December 27 was one of them devouring the life of a precious Pakistani politician, Benazir
Bhutto. The nation mourns for her.

With departure of Benazir from the political scene, Pakistan has plunged into a state of
political orphanage where there has been left no towering international figure to fill the void
to tackle both domestic and foreign issues single-handedly. She had inherited that
charismatic legacy of her father, the late Zulfiqar Ali Bhutto, who had created an upheaval
in the socio-political lives of the downtrodden now called jiyalas of the PPP. The
consequent picture projected the PPP as an anti-establishment party, the party that shared
crumbs of power and economic reward with the masses.

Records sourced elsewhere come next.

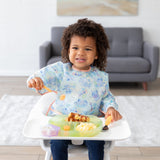 A young child smiling in a high chair wearing a Bumkins Sleeved Bib: Aloha Stitch, holding a spoon over food, with a sofa in the background.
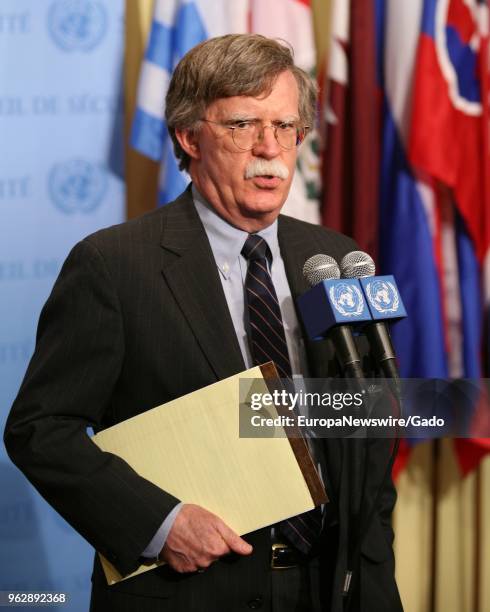 Three quarter length portrait of politician John Bolton speaking at the United Nations headquarters in New York City, New York with colorful flags in...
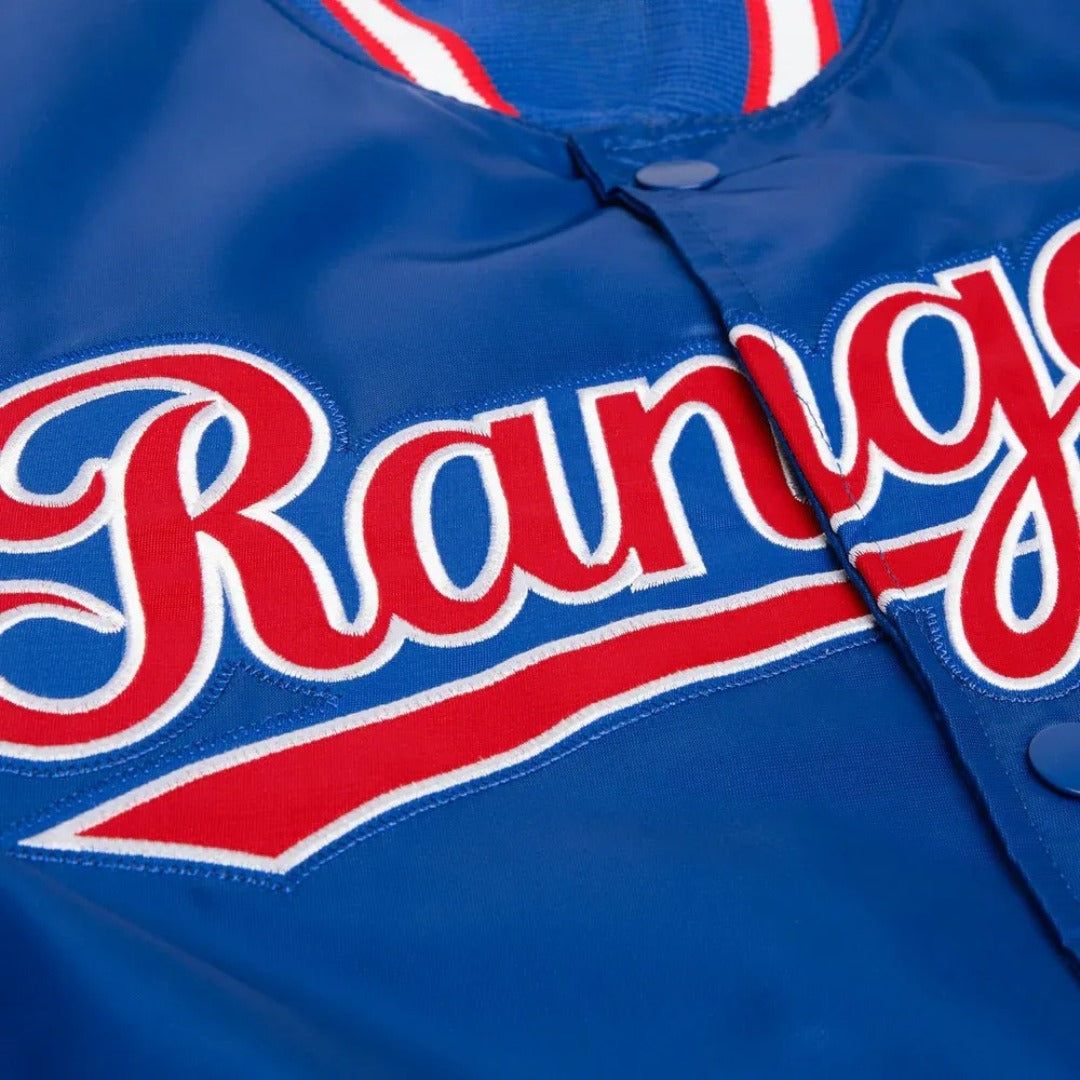 Close-up of a blue jacket with 'Rangers' text in red and white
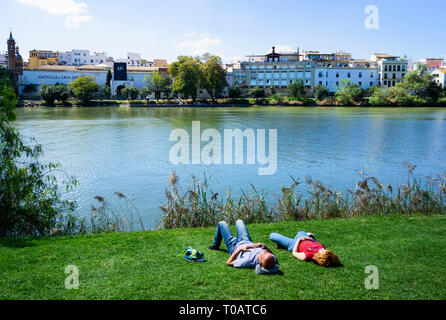 Ein junges Paar in einer Siesta neben dem Fluss Guadalquivir in Sevilla Stockfoto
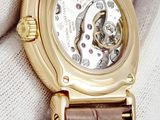 a close up of a watch on a person ' s wrist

Roti, Kapra aur Makan is the
slogan that still stirs the impoverished masses and magnetizes them to rally around the
PPP. The slogan is now more in currency when the era of the financial wizard of the
Citibank group, Shaukat Aziz, is over.

Today, the societal divide between haves and have-nots stands conspicuous. In the
immediate past, the agriculture economy of Pakistan was dealt as if it had been an
industrial financial arrangement. Consequently, the whole society is grappling with the
onslaught of the debit and credit forces. The resultant consumerism, which was promoted
to boost the economy as it made the consumers to pay indirect taxes, has plunged the
whole country into electricity supply deficit. The consumerism prodded people to consume
more energy than the State could supply thereby engendering adverse effects. Surely, the
victim of the same economic upsurge is the economy itself. The economy is bound to take a
nose drive when the industry is hamstrung functionally at the expense of the common
consumers thereby actuating a meager industrial output as well as deficit in export
earnings. The net economic gain may come to the cipher.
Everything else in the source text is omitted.